Due to these beliefs, I often found myself upset when I saw Yoga misrepresented in the press, on social media or in yoga classes. And I would observe myself in a state of ambiguity. Part of my ego “the academic” reacted to the perceived misrepresentation in annoyance, wanting to quickly correct the error. A second part “the inner Yogi” called for reflection on my annoyance & pranayama (breath work) to stabilise my emotional state. And “the pragmatist” part of my ego searched for the most practical, effective resolution to all situations. In my youth “the academic” often got her way.
As my Yoga practice developed, I learned that “the academic” needed to be tempered with kshama (forgiveness), “the pragmatist” needed daya (compassion & kindness) and “the inner Yogi” needed space/time. But I also began to see that if any of these parts of my ego were active, then I was not practicing ahimsa.
So I found myself having to remind “the academic” if she popped up, to embody the wisdom, but let go of the need to be wise.
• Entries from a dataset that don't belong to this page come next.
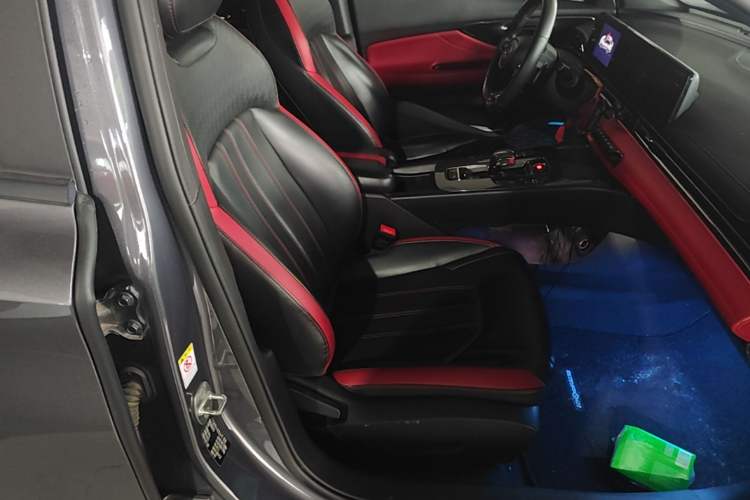 Used GAC Trumpchi EMPOW 2021 270T DCT J15 Version Right Front Seat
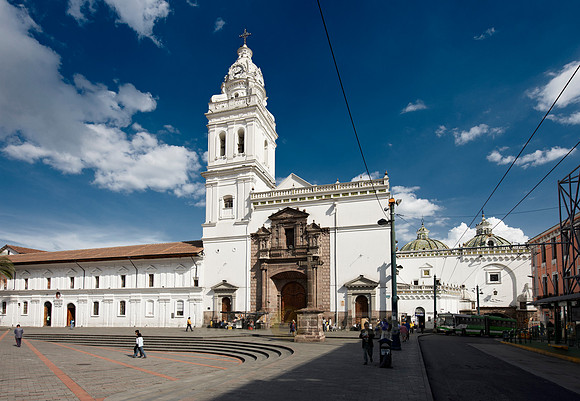 Santo Domingo, Monastery and Church and Plaza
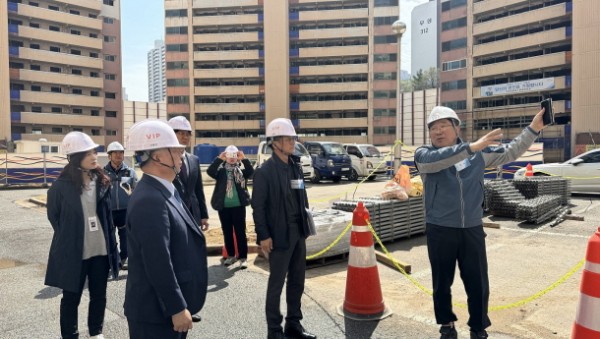 240403 경기도교육청, 안전한 교육환경 조성 위해 교육환경평가 사후관리 강화 추진(학교급식보건과) 현장 점검 사진1.JPG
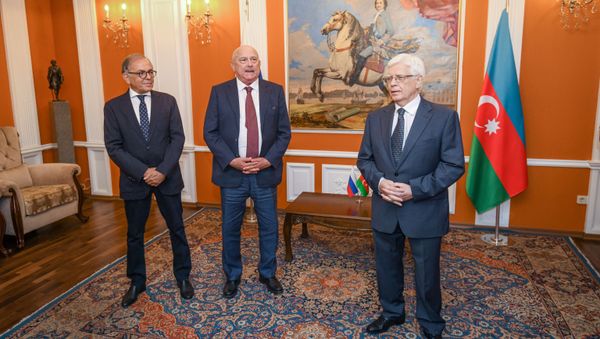 Посол РФ в АР Михаил Бочарников, директор Азербайджанского государственного академического русского драматического театра Адалет Гаджиев и главный режиссер театра Александр Шаровский - Sputnik Азербайджан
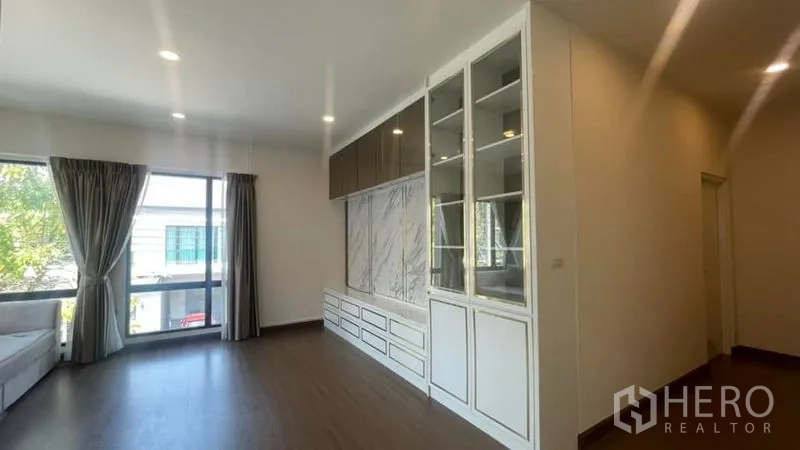 บ้าน ให้เช่าหรือขายในPrawet, Bangkok - ห้องครอบครัวชั้นบน ตู้บิลท์อินเต็มผนังและหน้าต่างกว้าง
And I find her popping up less frequently. I remind “the pragmatist” to go with the flow. And challenges seem to spontaneously resolve. And “the inner Yogi” has learned to honour the process.
So, do I practice Ahimsa?
Yes, often. It is becoming a more spontaneous process. But more importantly, I am aware when I am not practicing ahimsa.
With this awareness, I find myself reflecting on and resolving more within my own psyche. And this is the beauty of Yoga, self awareness gained through every limb. Excuse the pun.